*** Opening Recorded information ***

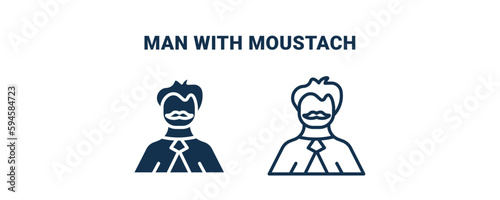 man with moustach icon. Outline and vector man with moustach icon from business and finance collection. Line and glyph vector isolated on white background. Editable man with moustach symbol.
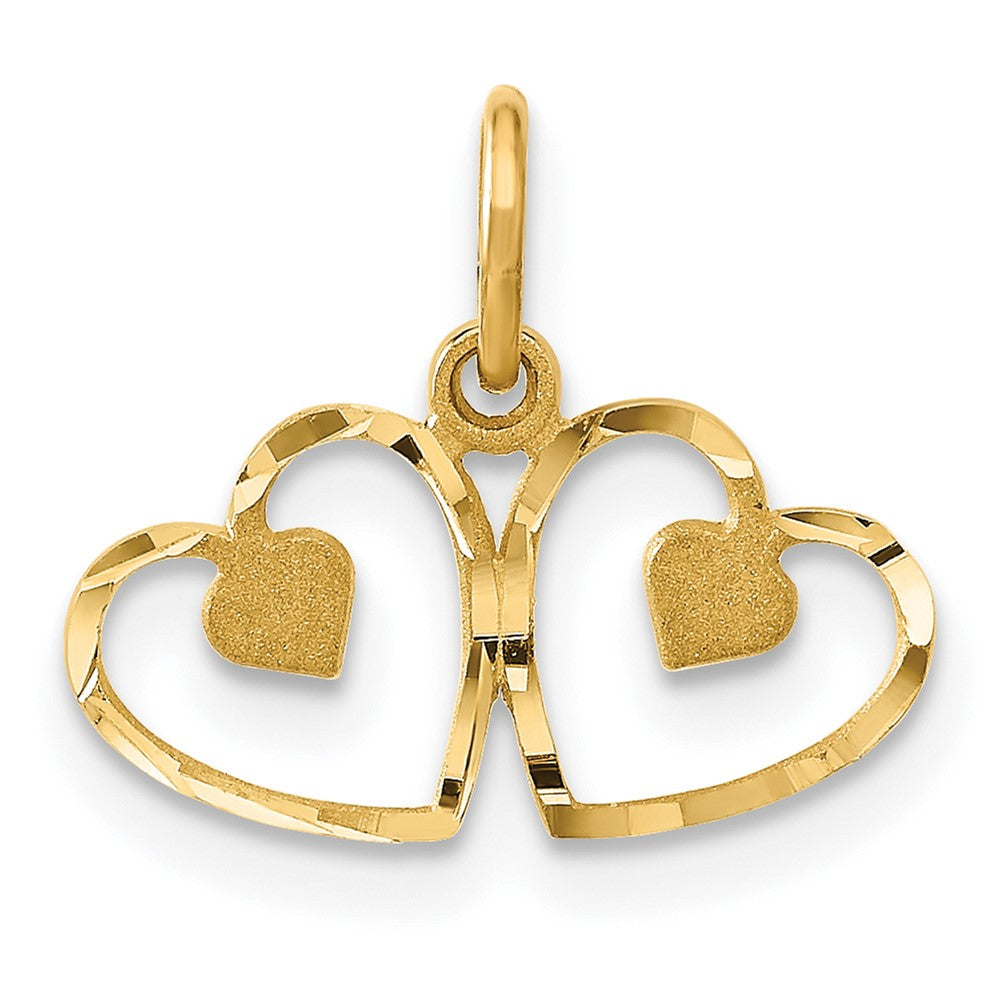 14k Satin And Diamond-cut Two Hearts Charm, 14 x 16 mm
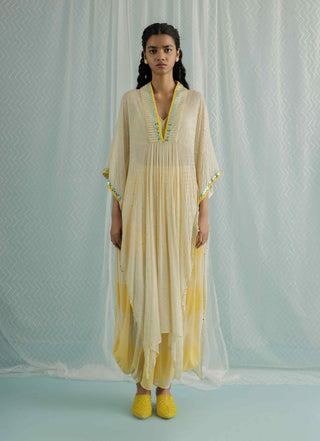 Ivory clio georgette kaftan set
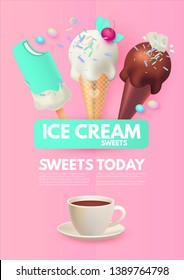 Coffee and Ice Cream. Cafe Ad Design Template. Sweets Shop. Gelato. Coffee to Go.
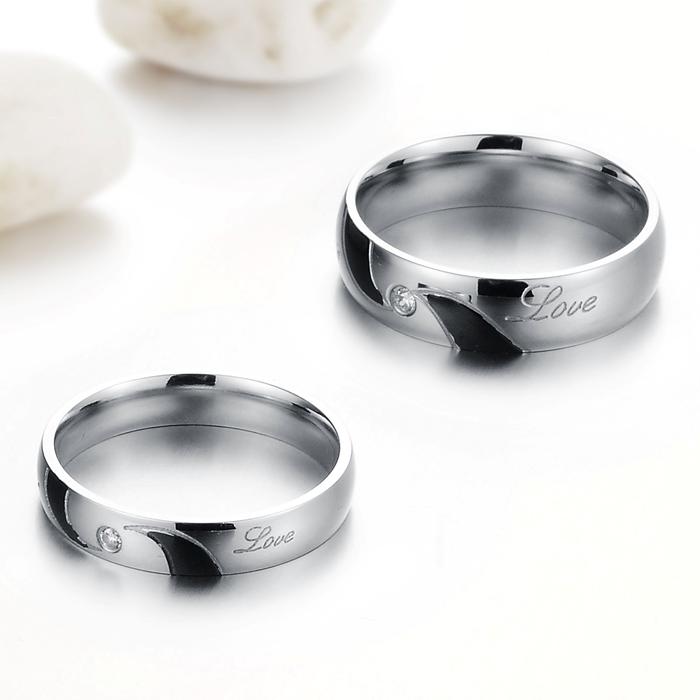 Personalized black diamond set titanium steel couple rings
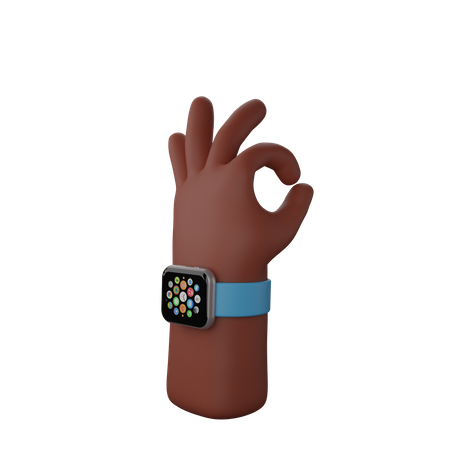 Free Hand with smart watch showing All ok sign  3D Illustration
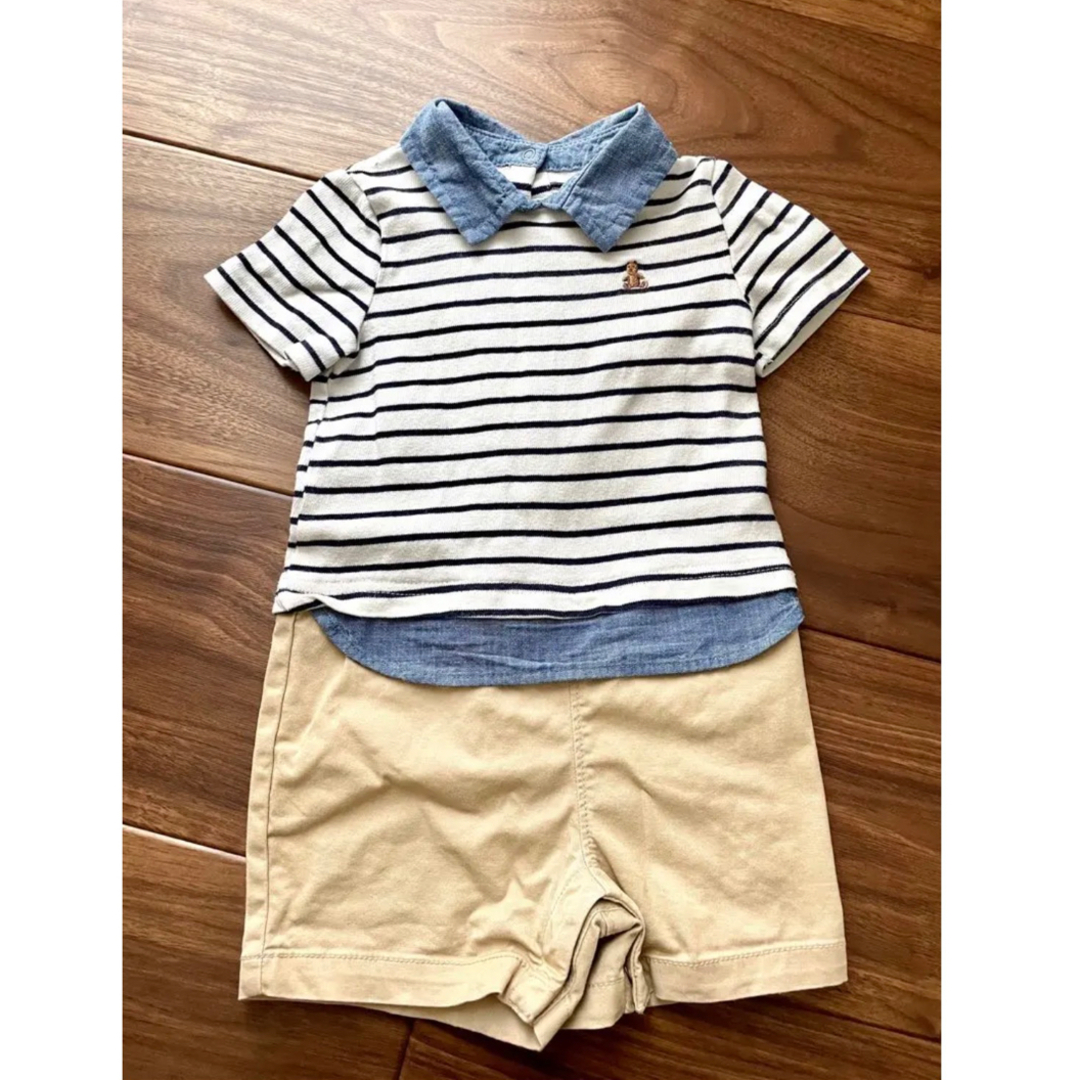 babyGAP(ベビーギャップ)のBaby GAP ショートオール 6-12M キッズ/ベビー/マタニティのベビー服(~85cm)(カバーオール)の商品写真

*** Closing Recorded information ***

_Your goal:_ An exact copy of the lines from the one with "Free Hand with" through the end of the records: produce that and nothing more, leaving out the pictures.

_Solution to this problem:_
 Free Hand with smart watch showing All ok sign  3D Illustration
 babyGAP(ベビーギャップ)のBaby GAP ショートオール 6-12M キッズ/ベビー/マタニティのベビー服(~85cm)(カバーオール)の商品写真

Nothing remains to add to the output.